When Henry managed to ford the Somme and continue his march to Calais, the French, still gathering reinforcements, finally had to face their foe in a pitched battle.
Though there is much debate about exact numbers it is agreed the English were outnumbered by the French. A reasonable estimate of the forces would be the English at fewer than 7,000, of whom all bar about 1,000 were longbowmen, and the French at 20,000 or more, with large numbers of heavily armed and armoured men-at-arms, and more than 1,000 mounted knights.
The ground for the battle favoured the English. It was a narrow strip of land with dense woods either side protecting the English flanks from mounted attack. What is more the ground had been recently ploughed, and heavy rain had reduced it to a quagmire in places. During the night of October 24 the French had walked their horses in the area, churning it further.
The Constable of France, Charles d'Albret, leading his nation's finest was unable to restrain the nobility eager for vengeance after so many years of war and so many significant defeats, as at Crecy and Poitiers. The large numbers of crossbowmen d'Albret commanded were sent to the rear, where their firepower was of no value. The lighter troops - peasants from the region in large numbers, and less well armoured men of lower rank, were also kept from the front line, the honour of being in the vanguard being held by the noblest and thus heaviest armoured of all d'Albret's force.

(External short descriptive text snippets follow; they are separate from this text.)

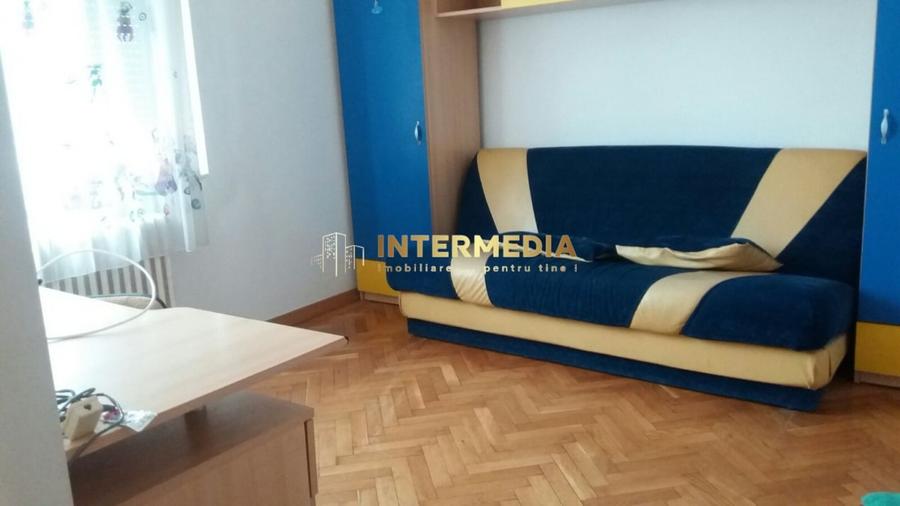 Apartament cu 4 camere decomandat, mobilat în Cetate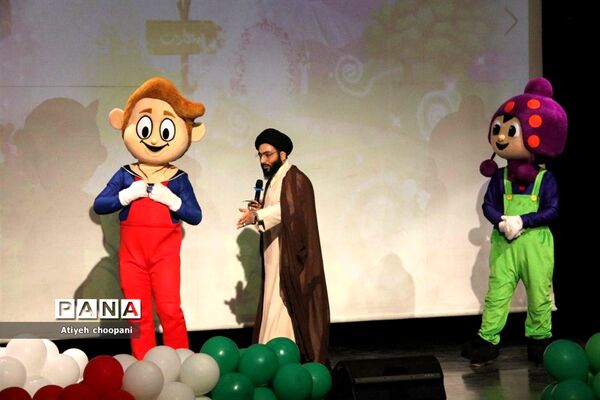 مراسم جشن عبادت دختران دانش‌آموز در فرهنگسرای خاوران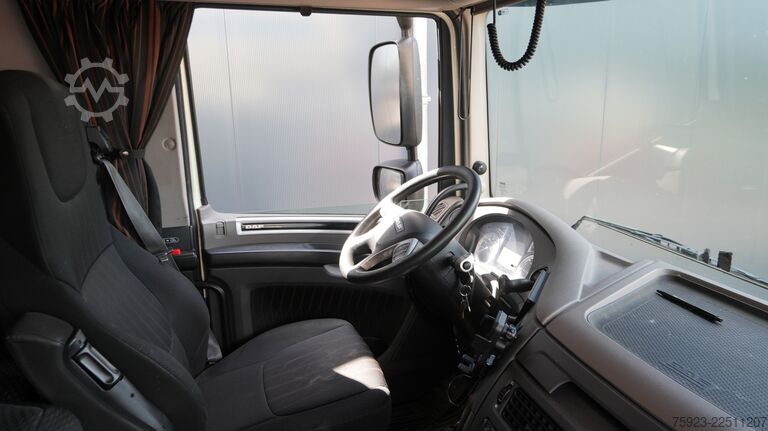 Standard-SZM DAF XF 450 6x2 tractor unit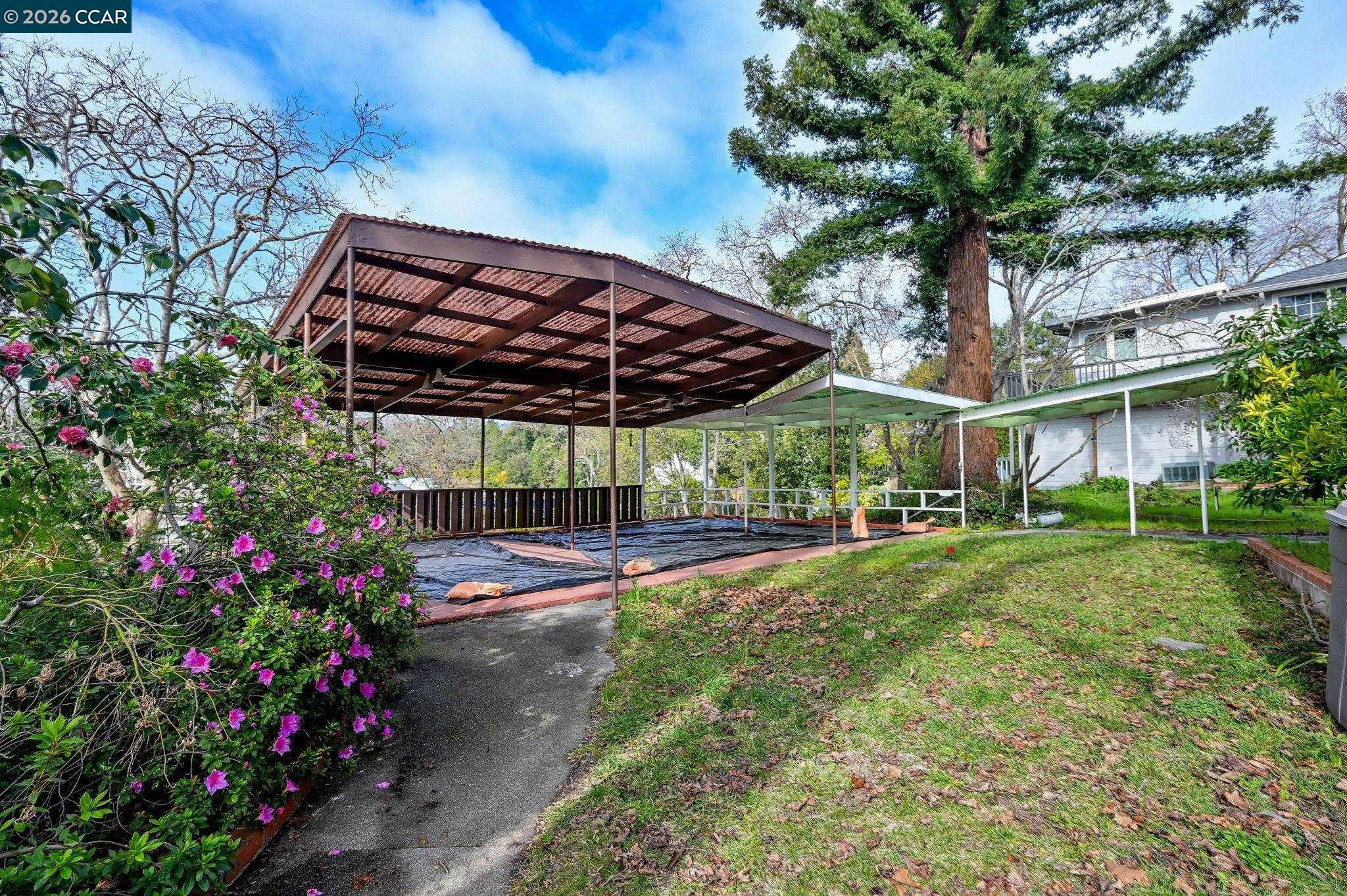 1521 Sunset Loop Lafayette, CA 94549 - Photo 14 of 19 a view of a backyard with garden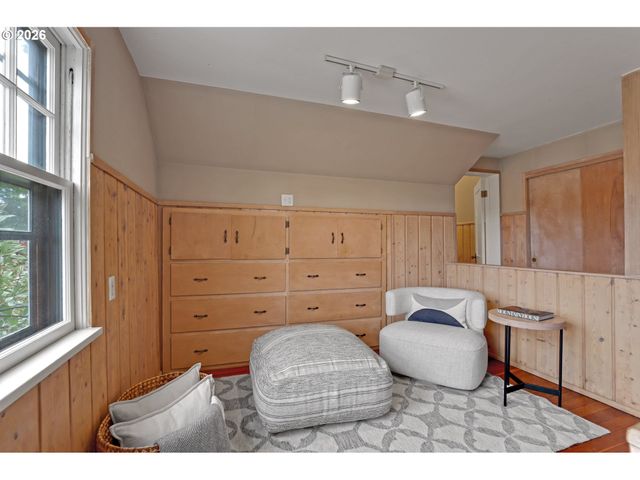 2847 Ne 31ST Ave, Portland, OR 97212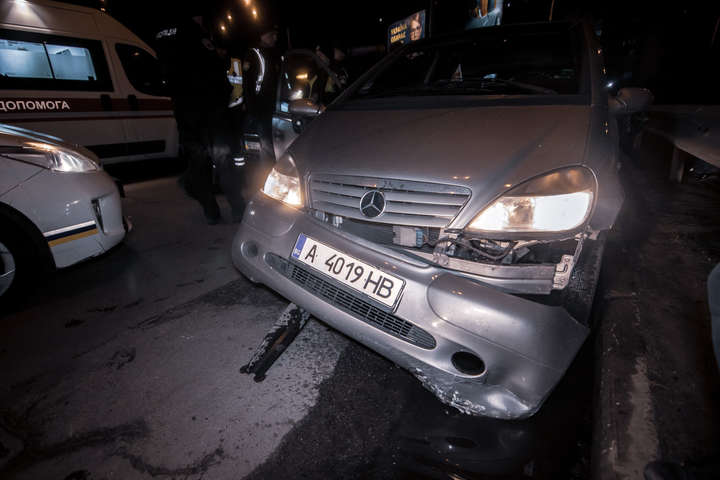 П’яна ДТП у Києві: водій Toyota тікав від поліції і влетів у Mercedes (фото, відео)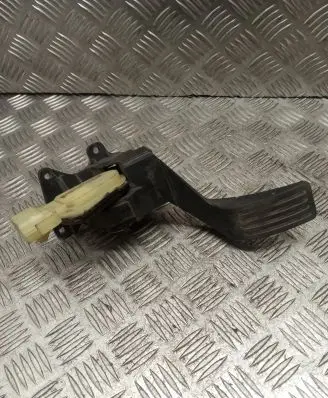 Ford Focus Accelerator throttle pedal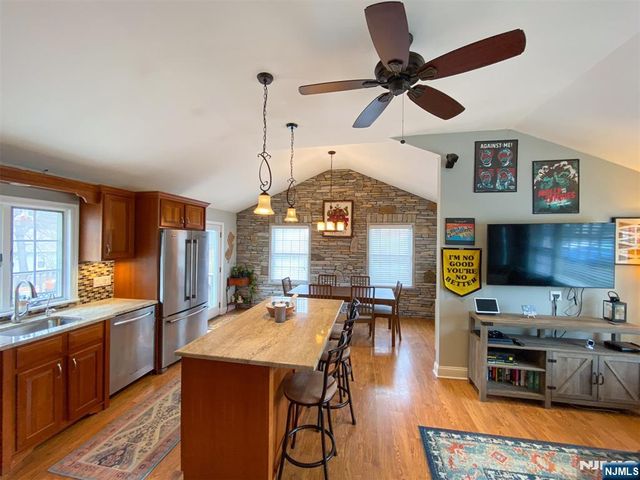 28 Woodside Drive, West Milford, NJ 07480
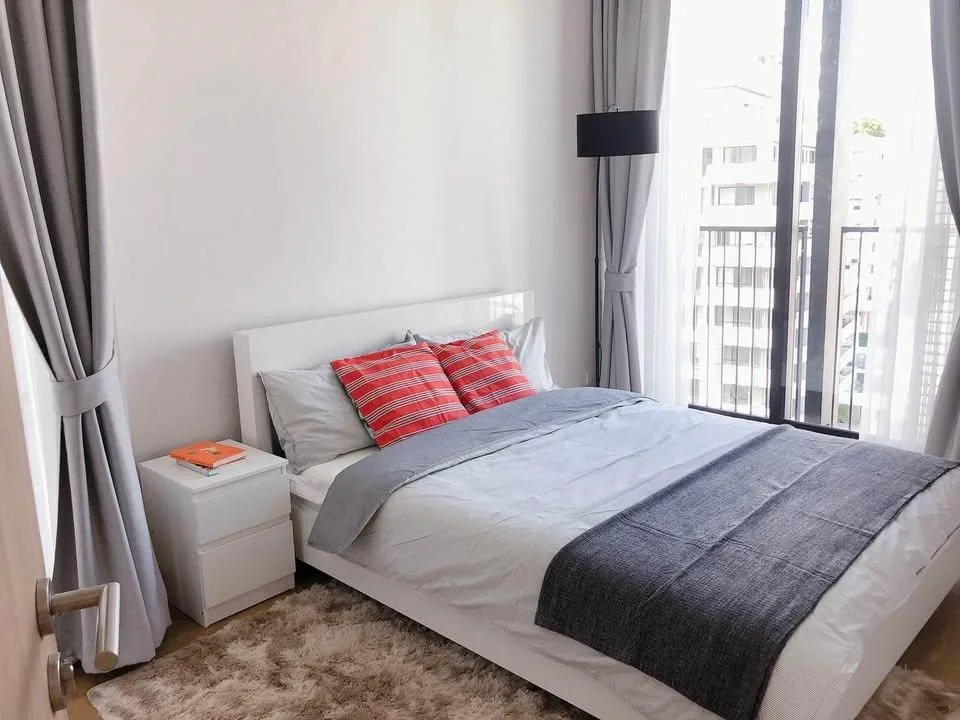 Property photos for Noble BE 33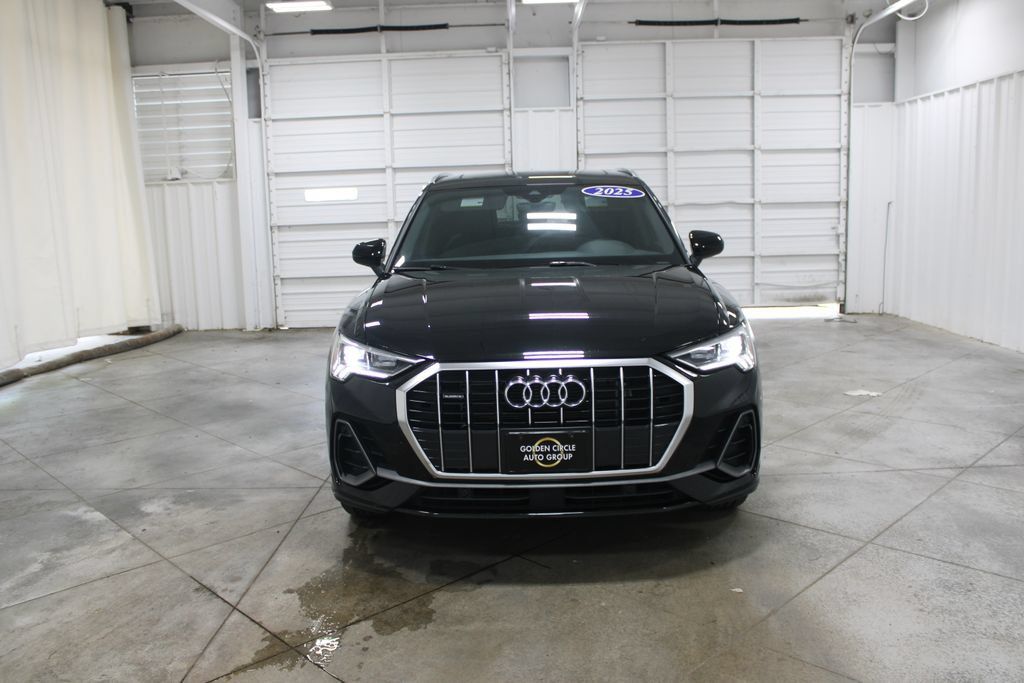 Used 2025 Audi Q3 2.0T Premium AWD/4WD image 3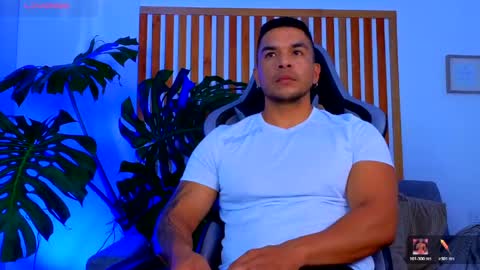 ESTEBAN online show from May 2026 01:11:02 AM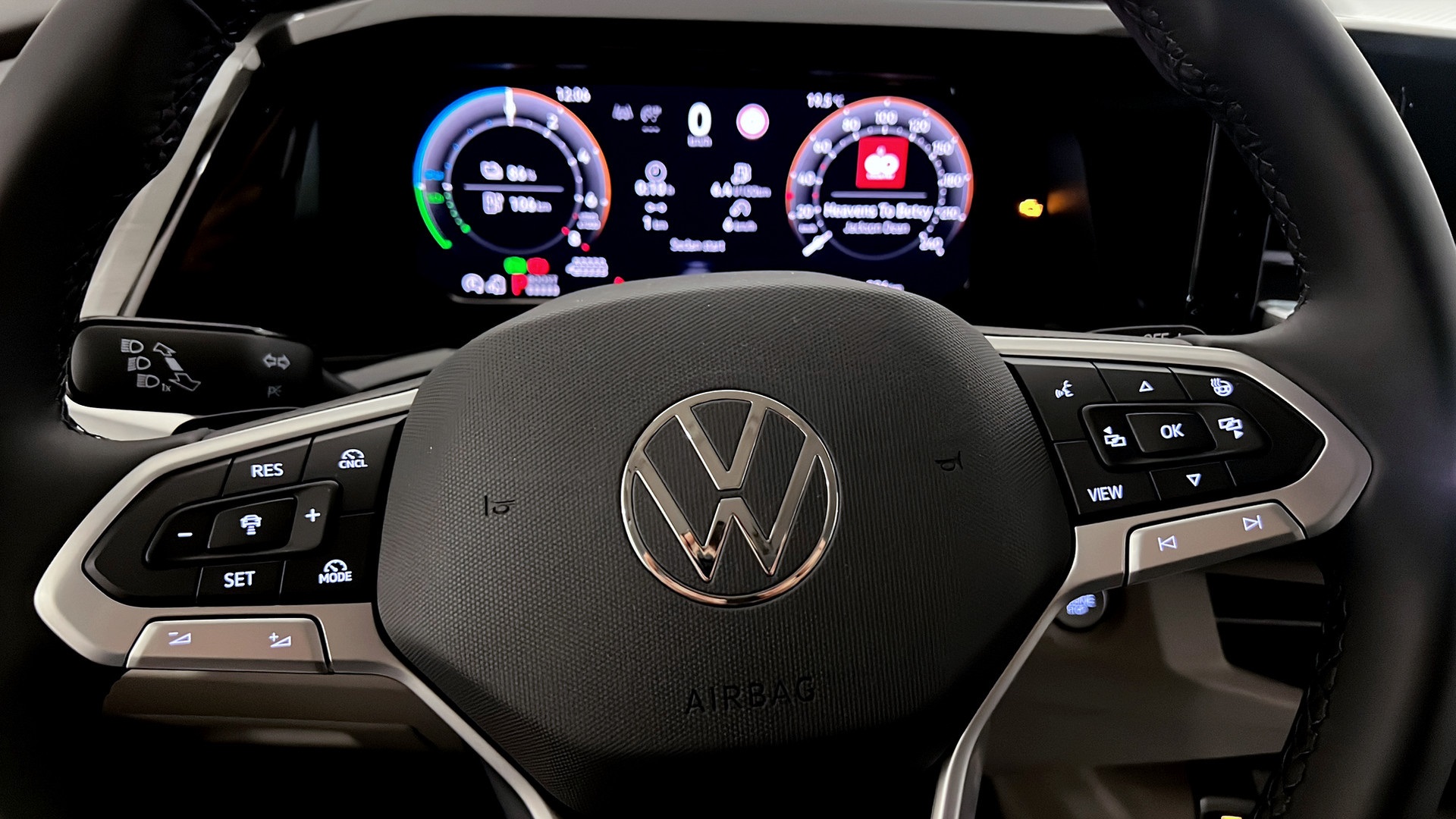 Volkswagen T7 Multivan LOH12H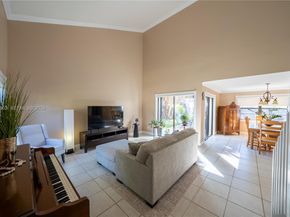 15552 SW 48th St, Miami FL 33185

After several hours of waiting, the English, who wanted to fight a defensive battle given their numbers, were forced forward, aware that as every hour passed d'Albret's strength grew. At this moment the French had the chance to seize the advantage, the palings (sharpened stakes facing the enemy) used to protect the archers on the English flanks from cavalry attack being uprooted and moved forward with them. But d'Albret did not manage to react. When just within bow range the longbowmen let loose a hail of arrows, finally goading the French forward. As the heavy troops struggled the 300 yards or so through the mud to get at the English centre the arrows rained down on them. The knights had to close their visors, reducing their air intake and their view. The press from the rear knocked some at the front over, to drown in the mud or be crushed beneath the following feet.
When finally the French van arrived at the English line of fewer than 1,000 men-at-arms they did push their opponents back. But this was by weight of numbers, not force of arms, as the crush was so great that swordplay was largely impossible.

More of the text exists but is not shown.